BEGIN Dataset content

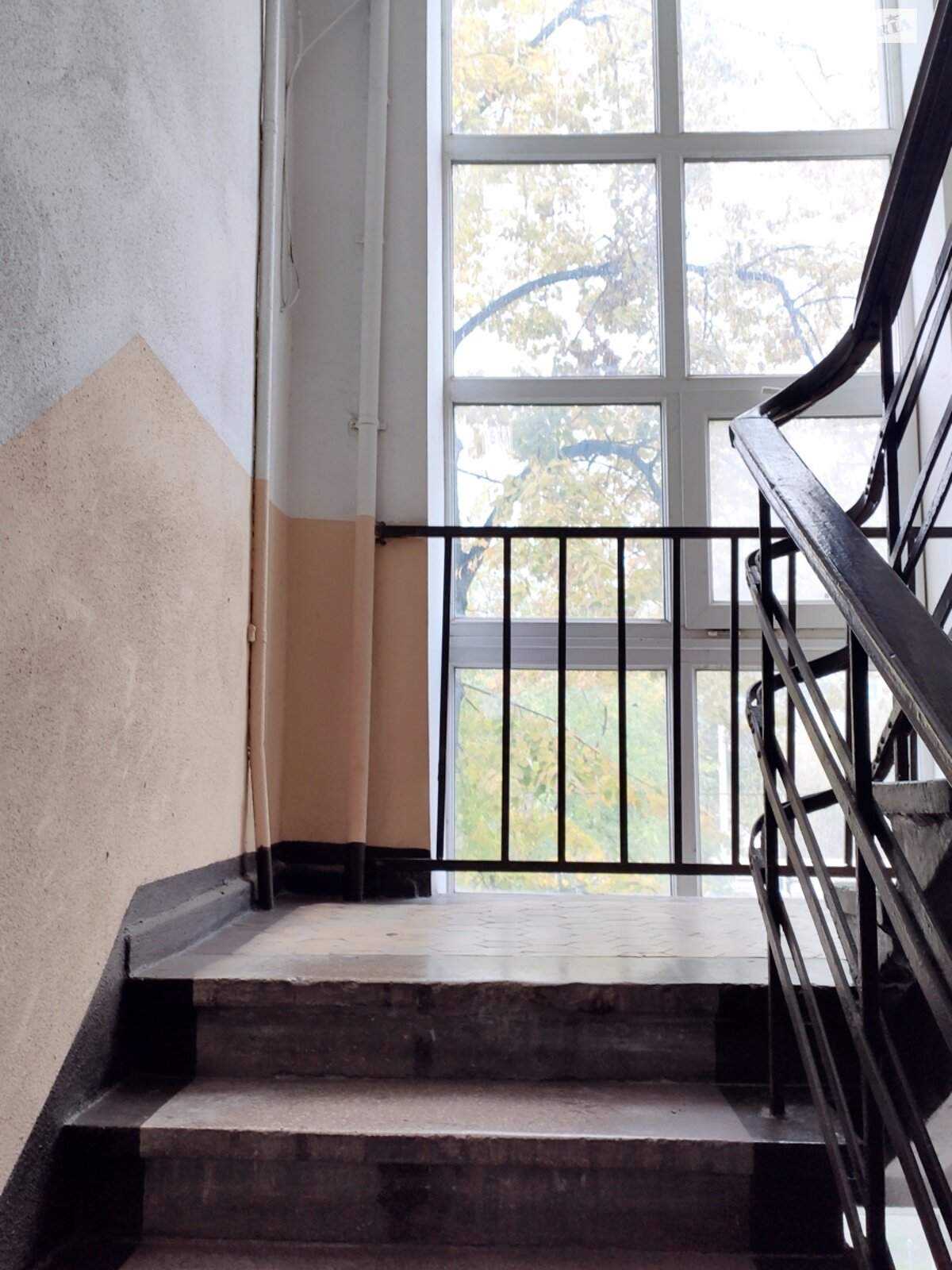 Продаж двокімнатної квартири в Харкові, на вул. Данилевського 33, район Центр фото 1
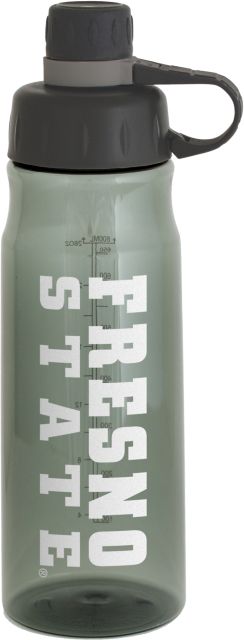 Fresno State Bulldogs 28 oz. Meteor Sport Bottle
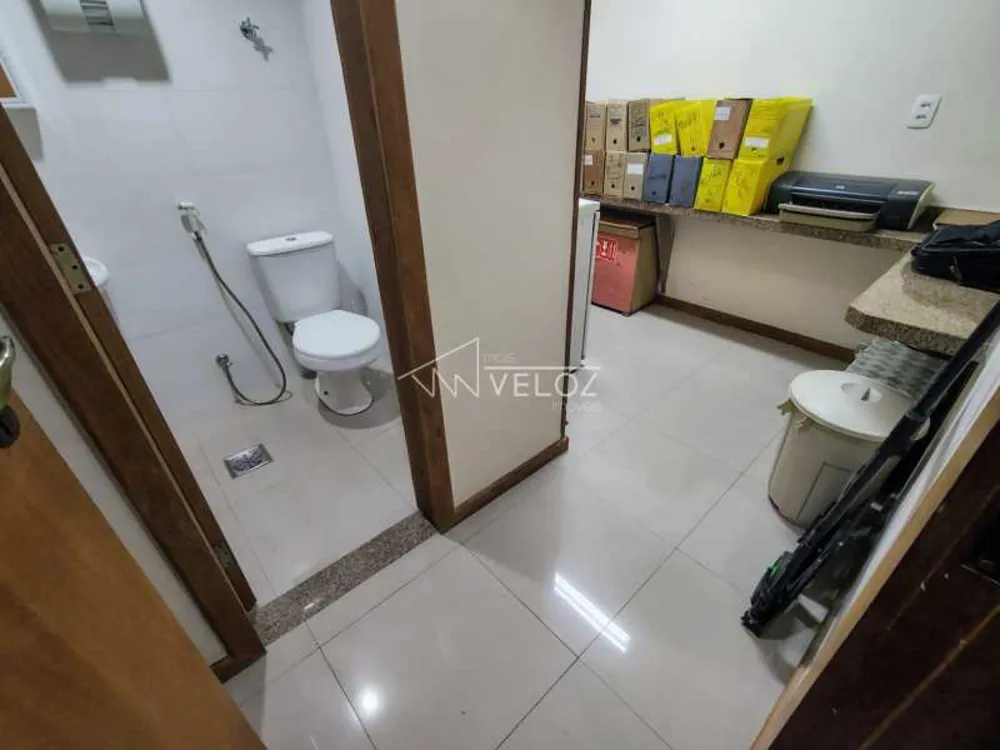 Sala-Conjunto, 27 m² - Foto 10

END Dataset content

To do – Every word of the data should be reproduced exactly; please omit any pictures.

Reply –
 Продаж двокімнатної квартири в Харкові, на вул. Данилевського 33, район Центр фото 1
 Fresno State Bulldogs 28 oz. Meteor Sport Bottle
 Sala-Conjunto, 27 m² - Foto 10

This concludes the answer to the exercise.